Will it be followed by a glut-induced crash, at least in terms of
prices paid to grapegrowers by wineries? What policy and industry
responses would reduce that risk of over-investment in vineyards?
What were the contributors to this extraordinary success? Is the
expansion sustainable in terms of its demands on water and other
resources? What are the relative contributions of factors affecting
activities prior to as compared with after the farm gate? What are
the lessons for other agricultural and value-adding primary processing
industries seeking to become more internationally competitive?
This program seeks answers to these and related questions from
the perspective of the Australian industry. It uses a combination
of analytical economic history (back to 1850 in Austraila's case)
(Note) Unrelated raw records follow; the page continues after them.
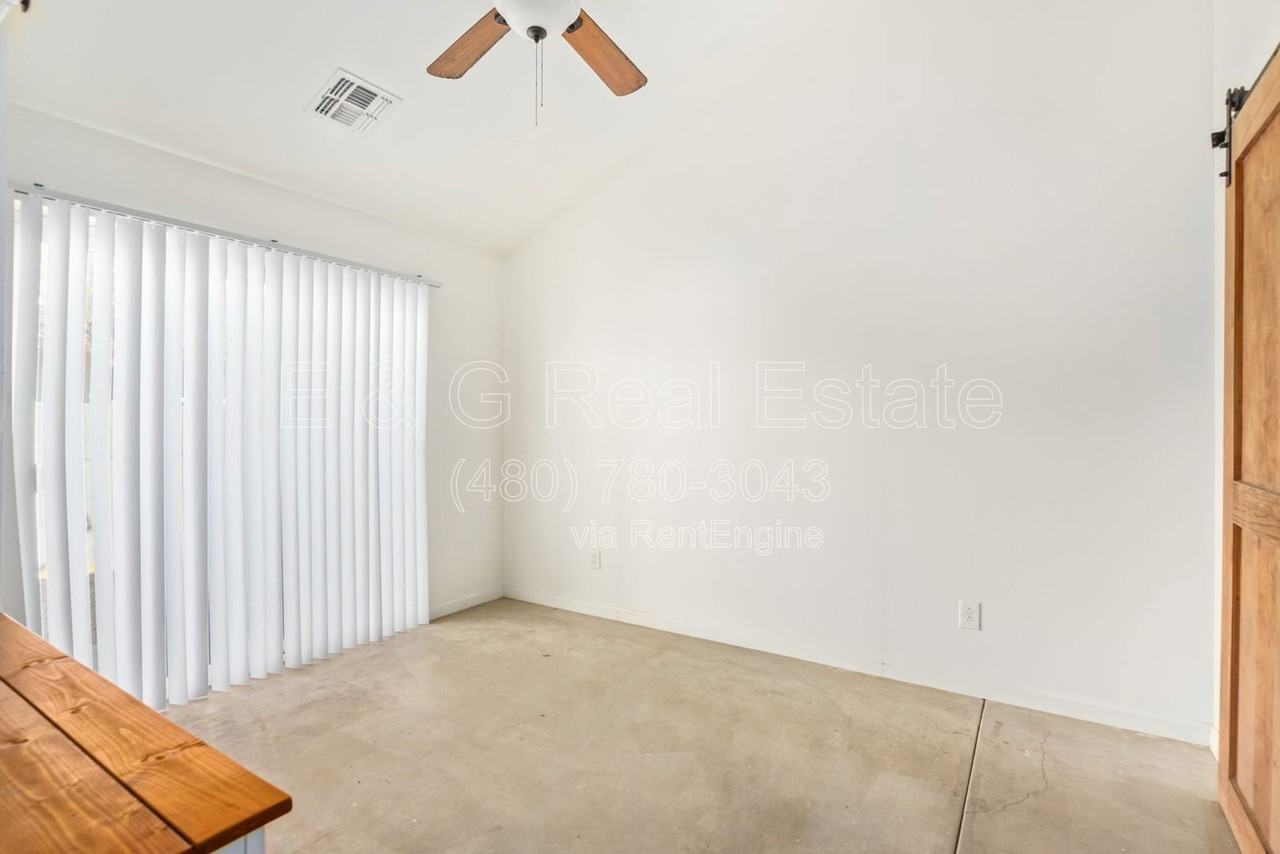 505 N 16th Ave - Photo 7 of 13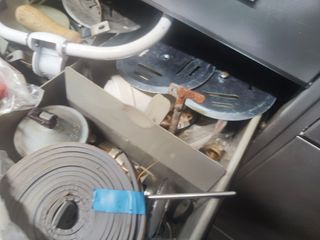 Latiguillos y diversas llaves ,codos etc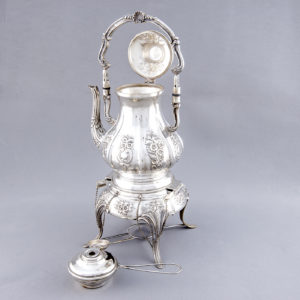 FLORENTINA. Samovar con mechero en Plata. Bogotá, s.XX.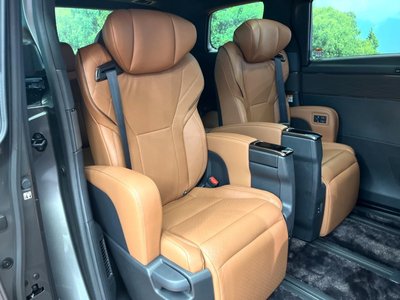 2026 Toyota VELLFIRE — миниатюра 12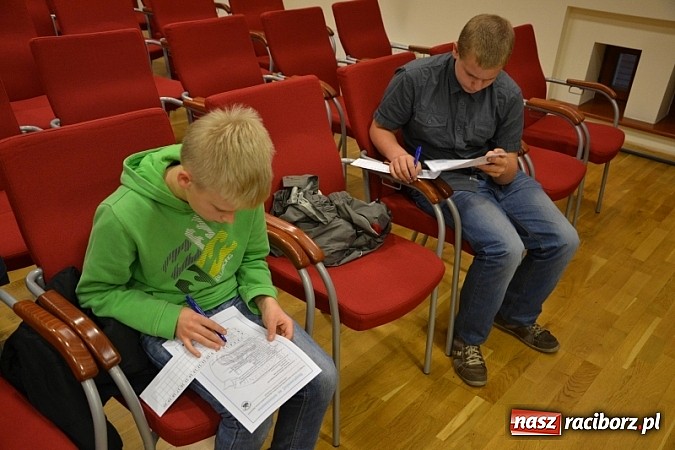 Zdjęcie w galerii na portalu naszraciborz.pl: Akcja Bezpieczniej na motorowerze zakończona wiadomości z regionu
and formal projections modelling to 2010. Lessons will be sought
from previous booms, while model simulation results will show the
likely effects of various possible developments in domestic and
export markets, and of alternative tax and other policy changes.
The Australian wine industry's exports increased from less than
$50 million to more than $500 million p.a. or from less than 5%
to more than 30% of production during the past decade, and now exceed
$1 billion. The industry's Strategy 2025 targets Australia to become
5% of the world's wine market in 30 years, up from less than 2%
in the early 1990s. Grapegrowers and winemakers have shared the
benefits of growth so far, with the real value of wine production
up 90% and that of winegrape production up 150% over the past decade
(compared with only a 25% increase for the real value of other farm
production). But that sharing may not continue: grape prices may
well fall as the large areas of new plantings in Australia and elsewhere
come into production in the next few years.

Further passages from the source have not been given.